Because these bone-conductive hearing aids are cumbersome and label the child as "different" from his/her peers, it is ideal to surgically correct the hearing deficit to eliminate the aids. However, correcting this conductive problem surgically is difficult as the middle ear beneath the closed skin is not normal.
Exploration involves cautiously avoiding the facial nerve while drilling a canal through solid bone. One must usually create the drum with tissue grafts; the distorted or fused ossicles may be irreparable. Skin graft "take" on the drilled bony canal can be problematic and result in chronic drainage or canal stenosis. However, in the hands of a competent otologist with large volume experience, restoring middle ear function surgically can be rewarding for the microtic patient -- even if only one ear is involved.
Fortunately, nine out of ten microtia patients have one normal ear and are "born adjusted" to the monaural condition and do quite well in life even without treatment for hearing. Their main problem is sound localization, although they may also have hearing problems in noisy crowds. This can cause difficulty in a school environment where following verbal instructions and paying attention are necessary. The teacher's knowledge of the problem and cooperation in placing the child in a strategic position in the classroom are helpful. Some microtia patients may require speech therapy. Also, it is important to protect the normal ear from unusually harmful noise.

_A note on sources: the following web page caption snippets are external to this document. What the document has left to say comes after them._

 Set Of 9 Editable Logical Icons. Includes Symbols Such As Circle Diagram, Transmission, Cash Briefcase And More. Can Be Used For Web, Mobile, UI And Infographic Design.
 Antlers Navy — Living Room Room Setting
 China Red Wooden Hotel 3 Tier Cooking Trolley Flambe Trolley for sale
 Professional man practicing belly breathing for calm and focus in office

Because of the technical surgical and healing problems described above, many surgeons presently feel that potential gains from middle ear surgery in microtia are outweighed by potential risks and complications, and that this surgery should be reserved for bilateral cases. It is my conviction that if the otologic surgeon is not comfortable in tackling a unilateral case, then he certainly shouldn't be operating on the bilateral cases either! In the hands of a competent otologist, middle ear functional restoration surgery can be very rewarding for the unilateral as well as the bilateral patient.

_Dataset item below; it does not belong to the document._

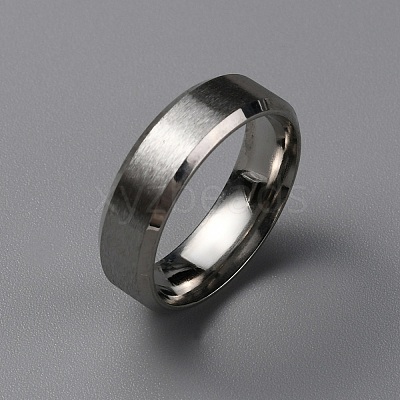 Matte Style 304 Stainless Steel Wide Band Finger Rings for Women Men RJEW-WH0009-14C-P-1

As with surgical construction of the outer ear (or anything else for that matter), the outcome of such surgery strongly depends upon the experience of the surgeon. Not only must the otologic surgeon have the expertise and experience to perform this delicate and sophisticated surgery, but he must also be well versed in evaluating the patient's middle ear development to determine his/her candidacy for surgical repair in the first place. Jahrsdoerfer uses a ten-point scoring system in evaluating the CT scan of each microtic patient's middle ear [59, 107]. He will only operate on unilateral cases if they score six or higher; but he will sometimes operate on a patient with bilateral microtia with a lesser score. Using these criteria, Jahrsdoerfer finds that only 50 percent of patients are suitable candidates for surgery. He finds that not only does this grading system help to predict the degree of success one may expect in an individual patient (e.g., a score of eight translates into an 80 percent chance of restoring hearing to normal or near-normal levels, i.e., 15-25 decibels speech threshold), but it also prevents one from tackling impossible cases.
When middle ear surgery is contemplated, a team approach must be planned with an extremely experienced, competent otologist. In these cases, the auricular construction should precede the middle ear surgery, as once an attempt is made to "open the ear," the virgin skin is scarred, which compromises a satisfactory auricular construction.